Dennis O'Rourke received the 2005 Don Dunstan Award[2] [3] [4] for his contribution to the Australian film industry.
The poster this year depicts two children shining a light on the festival theme, Image is Everything.[5]
The festival opened with Look Both Ways[6] [7] directed by Sarah Watt, the first feature to be funded through the Adelaide Film Festival Investment Fund,[8] and closed with Ten Canoes[6] directed by Rolf de Heer.
Adelaide was the first Australian festival to "pursue a production agenda. The event’s integration with local and regional industries brought it into line with the model adopted by several major Asian festivals such as Hong Kong and Pusan."[9]
The second Adelaide Film Festival began an association with the highly successful Italian children's festival, the Giffoni Film Festival, which showcases new films to panels of young film critics.
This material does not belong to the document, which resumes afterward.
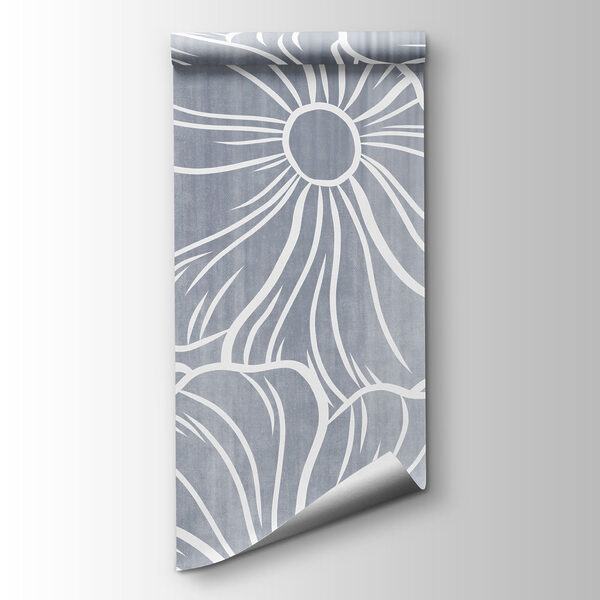 Papier peint Des fleurs blanches sur fond gris (UGS : t01098v2) Papier peint Des fleurs blanches sur fond gris (UGS : t01098v2)
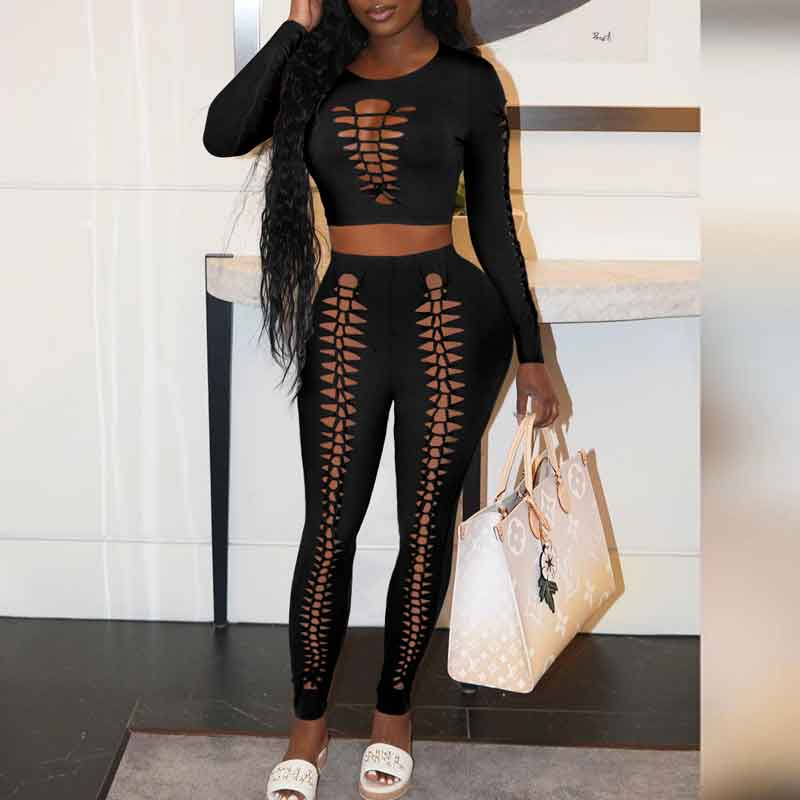 Solid Long Sleeve Cut Out Crop Top & Pants Set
The Giffoni Film Festival was set up in 1971, in Salerno, by Claudio Gubitosi, who was then 18. It has been so successful it has been exported to other parts of Europe and North America, including Los Angeles, where actor Jon Voight is involved. The 2005 Adelaide Film Festival attracted the Giffoni to Adelaide and the director "hopes it will be a permanent association".[10]
In the second of two programmed lectures, special guest film scholar David Bordwell described the second biannual Adelaide Film Festival as one of the most friendly and rewarding festivals he has experienced.[11]
The 2005 festival incorporated the Australian International Documentary Conference 2005 (AIDC) "at a moment when documentary is in the ascendancy."